Material for this exercise>
####

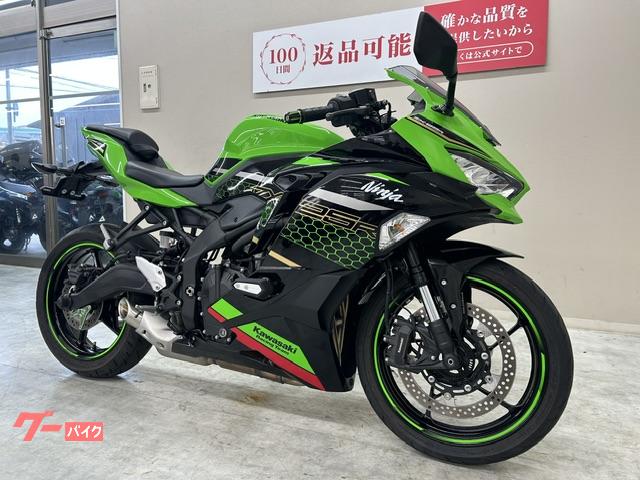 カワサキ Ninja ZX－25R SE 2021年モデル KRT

####

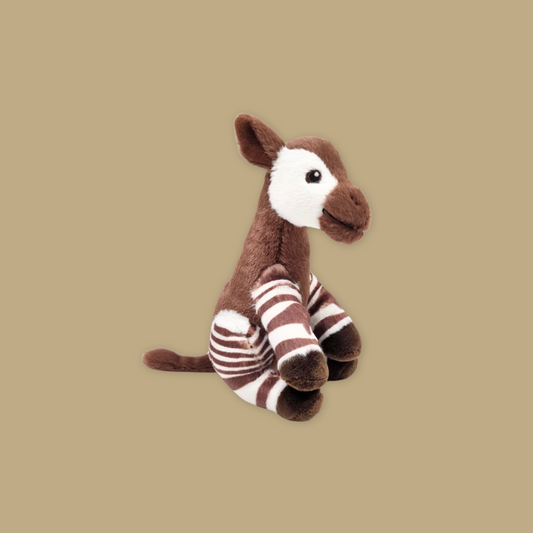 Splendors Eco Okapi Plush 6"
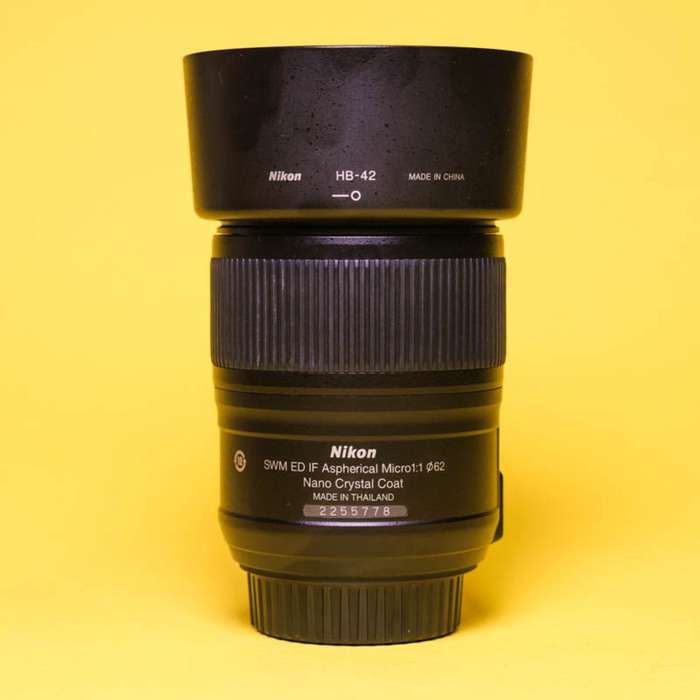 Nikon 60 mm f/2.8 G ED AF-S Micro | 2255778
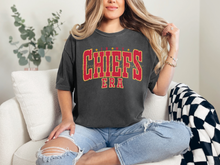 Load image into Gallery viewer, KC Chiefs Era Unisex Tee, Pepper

####

Required action>
Would you give again, exactly, the lines in the data above that run from the line containing "Splendors Eco Okapi" to the line containing "Load image into"? Include both ends and no pictures.

Answer area>
 Splendors Eco Okapi Plush 6"
 Nikon 60 mm f/2.8 G ED AF-S Micro | 2255778
 Load image into Gallery viewer, KC Chiefs Era Unisex Tee, Pepper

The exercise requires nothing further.